During Advent, as we prepare for Christmas ourselves, it also provides the opportunity to share our faith with others. One feast day that occurs during Advent, although not strictly a part of Advent I think most people can make a connection with preparing for Christmas, is St. Nick’s Day (Dec. 6th). Different cultures have different practices for St. Nick’s Day and I will talk about them another time, but I got into my own practice beginning with grade school.
Since my birthday was never during the school year I never got to bring in a treat to my class on my birthday like most of the other kids. But starting as early as I can remember, my mother had me bring in cookies on my feast day, St. Nick’s Day, for my class. I don’t know if this was already in 1st and 2nd grade, when I was in a public school, or only starting in 3rd grade when I was first in Catholic schools, but everyone in my classes knew it was St. Nick’s Day.
When I was in college my junior year I was no longer living in dorms and normally had lunch at the student union building with some friends, and since I now had my own kitchen in my apartment I decided I would make cookies for St. Nick’s Day and share them with my friends. Many of them had some traditions in their family, either from religious or ethnic backgrounds, but some had never heard of it. It was an opportunity to share traditions and also the history of St. Nicholas, Bishop of Myra.
Doing this in college was one thing, but then when I graduated and started working with McDonnell Douglas I decided to continue doing this. Most places people work there is at least a break or coffee area where people will bring in food at times, so I brought in some St. Nick’s Day cookies. This was a bit larger and more diverse backgrounds then my friends from college, and more non-Christians, providing many more opportunities to share the history of St. Nicholas. And as long as they got a cookie, no one seemed to ever take offense. And one fellow engineer I worked with a few years married a Catholic woman and they named their first child Nicholas. Previously he had no clue about St. Nick’s Day but he checked with me before it came around that first year because he knew he wanted to celebrate it for his son in some way, and he knew he would score a few points with his wife that he knew about St. Nicholas.
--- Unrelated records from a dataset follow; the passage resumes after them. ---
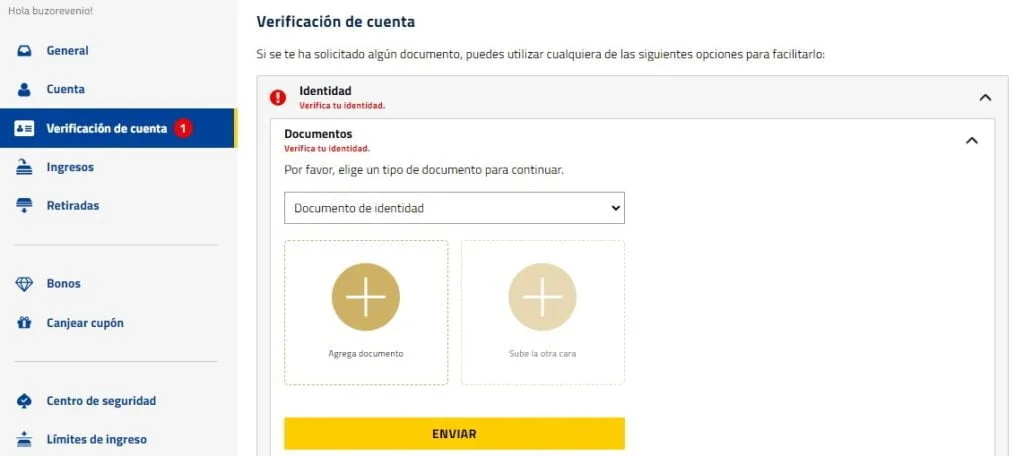 verificación identidad admiralbet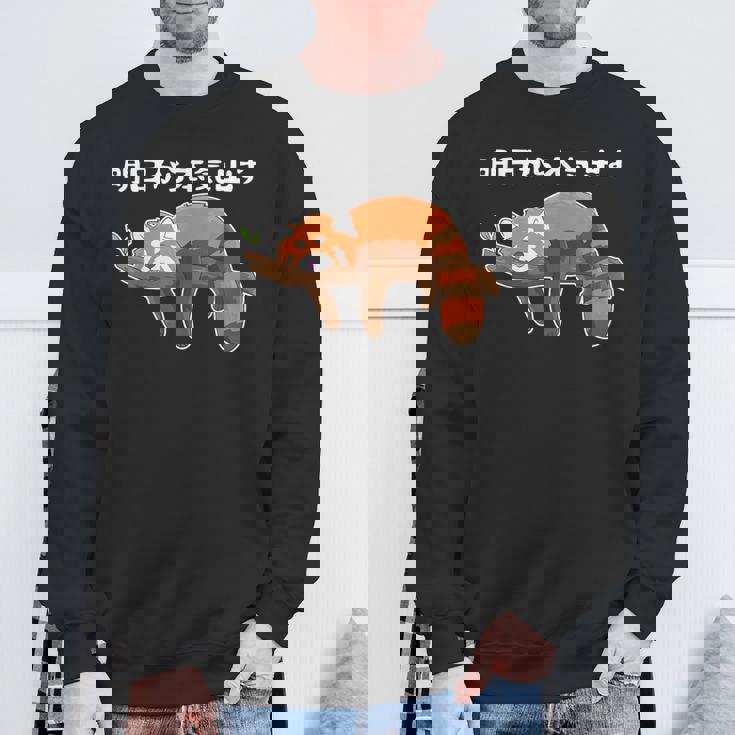 明日から怠惰なレッサーパンダ面白い スウェットシャツ 高齢者への贈り物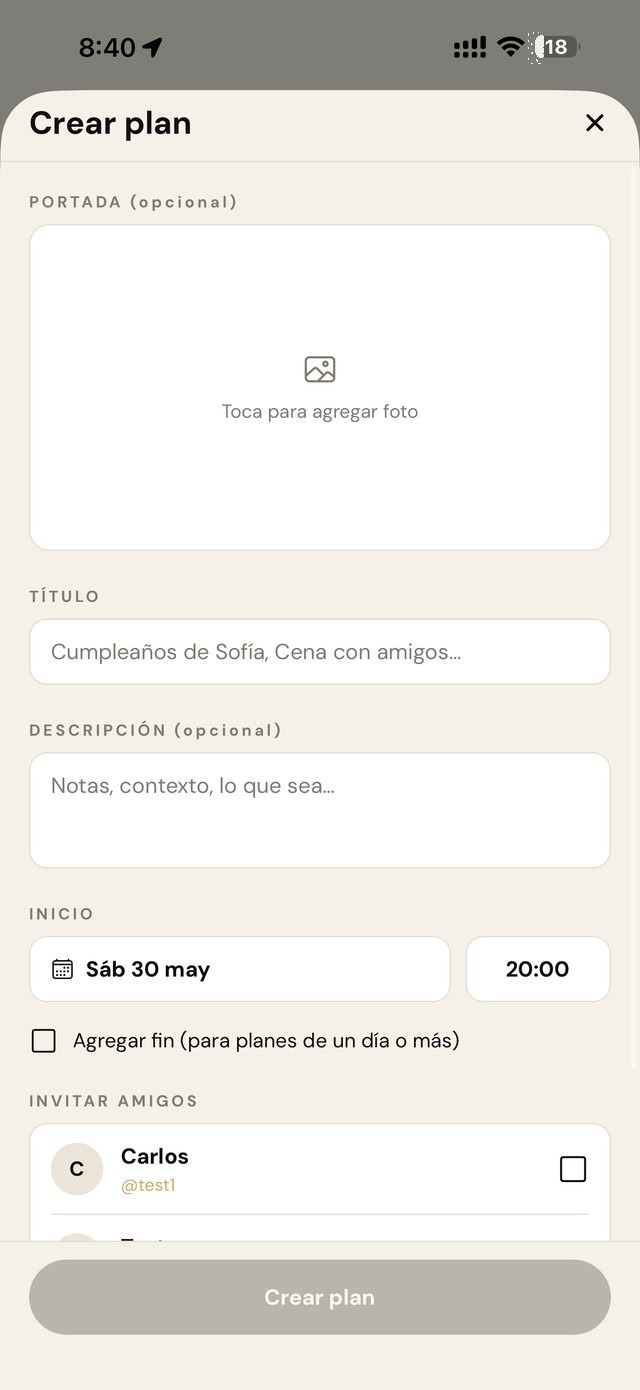 Crear plan
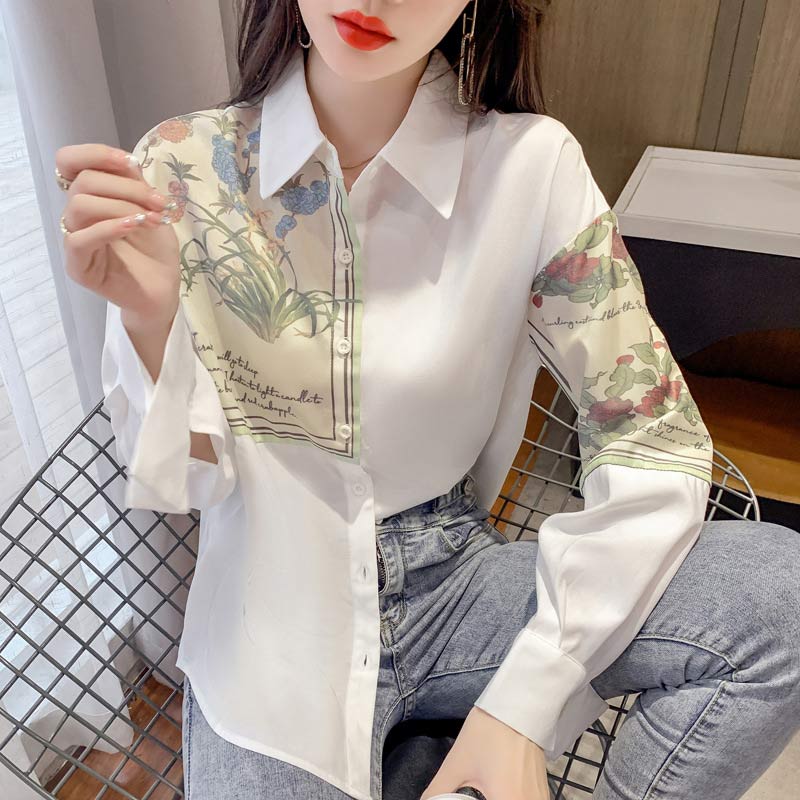 Sweet Floral Loose Lapel Shirt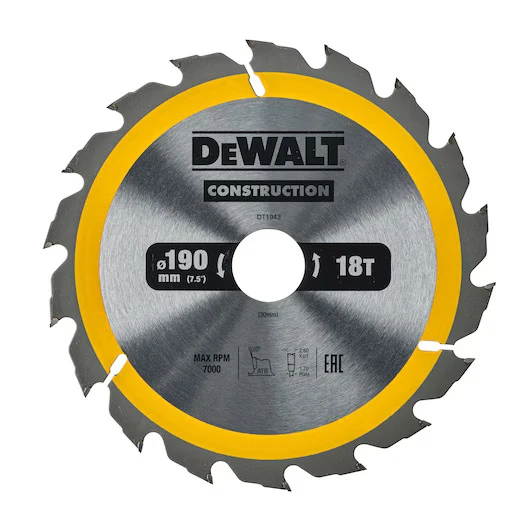 Dewalt DT1943 Ahşap Kesim Elmas Testere Bıçağı 190 mm ürün görseli 1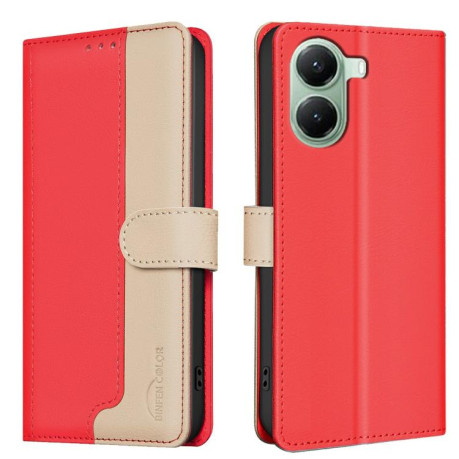 Чехол-книжка Color Matching RFID Anti-theft Leather для Xiaomi Poco X7 Pro - красный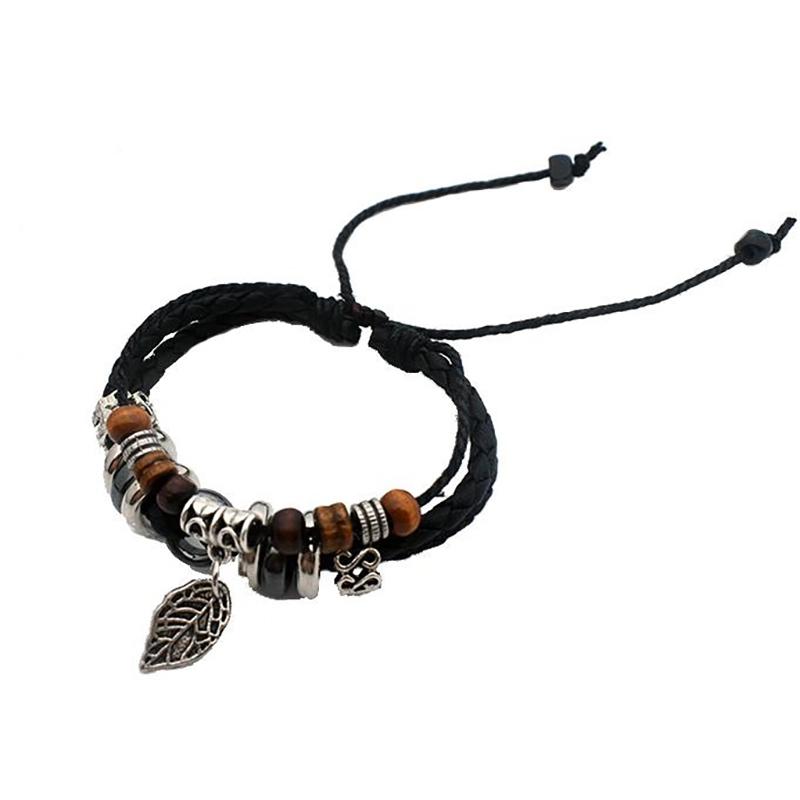 Leather Braided String Vintage Style Leaf Design Men For Women Wear Bracelet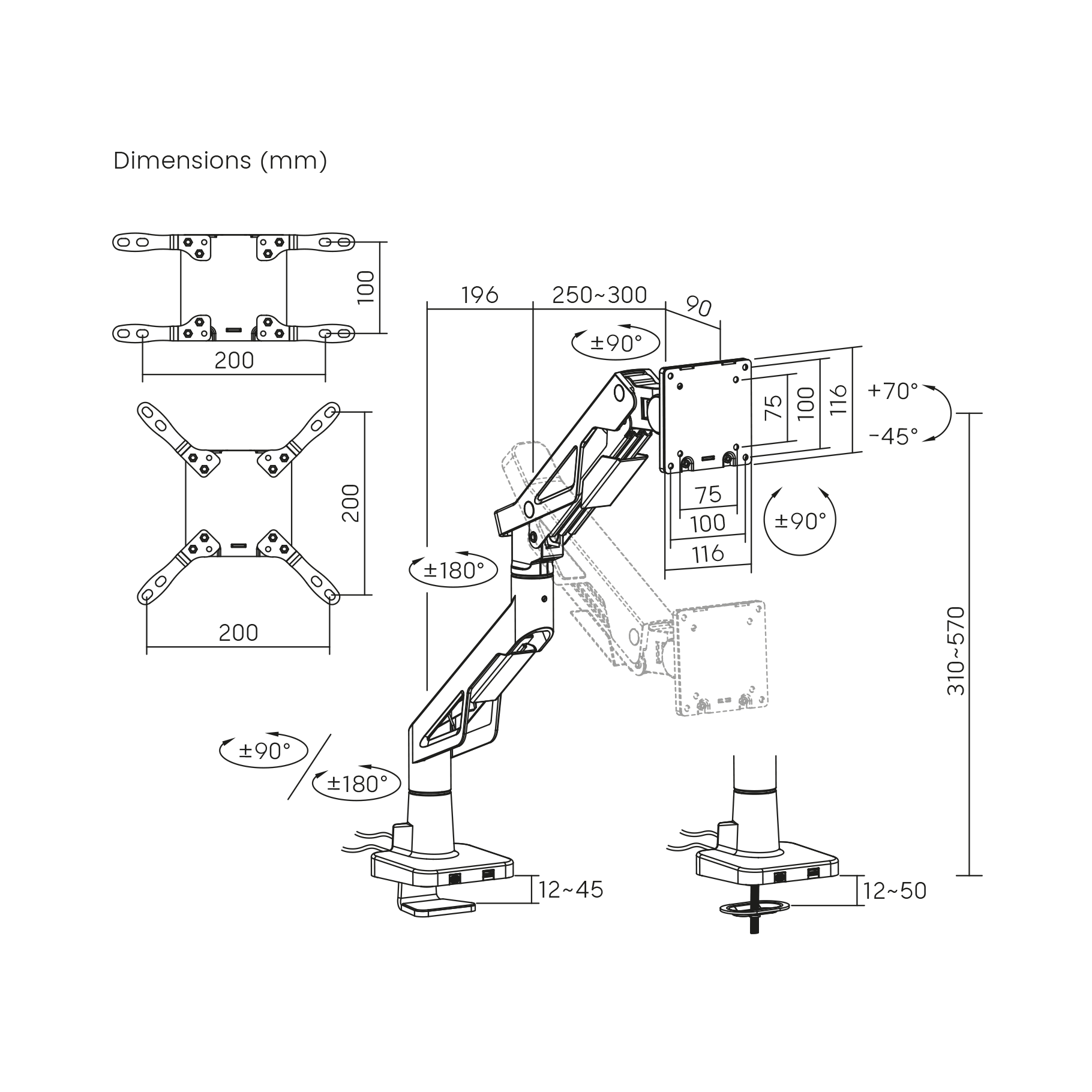 Diagrama de un brazo de monitor con dimensiones. Muestra base, brazo y soporte VESA.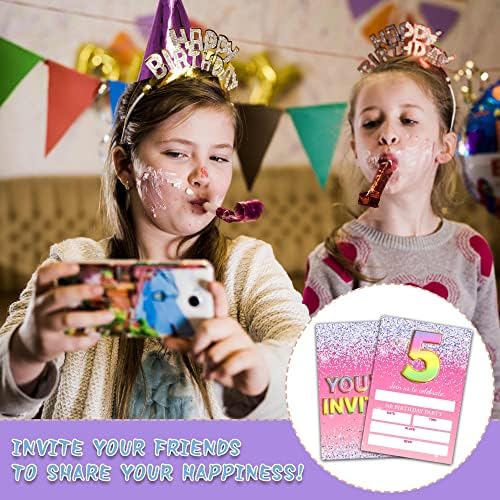 Покани Картички на парти в чест на 5-ти рожден ден - Розово Блестящо покана за рожден Ден, за момичета / момчета - Детски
When I entered the seminary I decided I would continue this tradition and the cooks who ran the kitchen were more than happy to let me use the ovens. Since I’ve been ordained if you come to the rectory on St. Nick’s Day, or my office at the Rigali Center since I’ve began also working there, you can have a cookie on St. Nick’s Day. Not exactly the greatest, most convincing form of evangelization, but one of the many simple opportunities we have of living and sharing our faith with those around us, and who will turn down a cookie? Thanks Mom.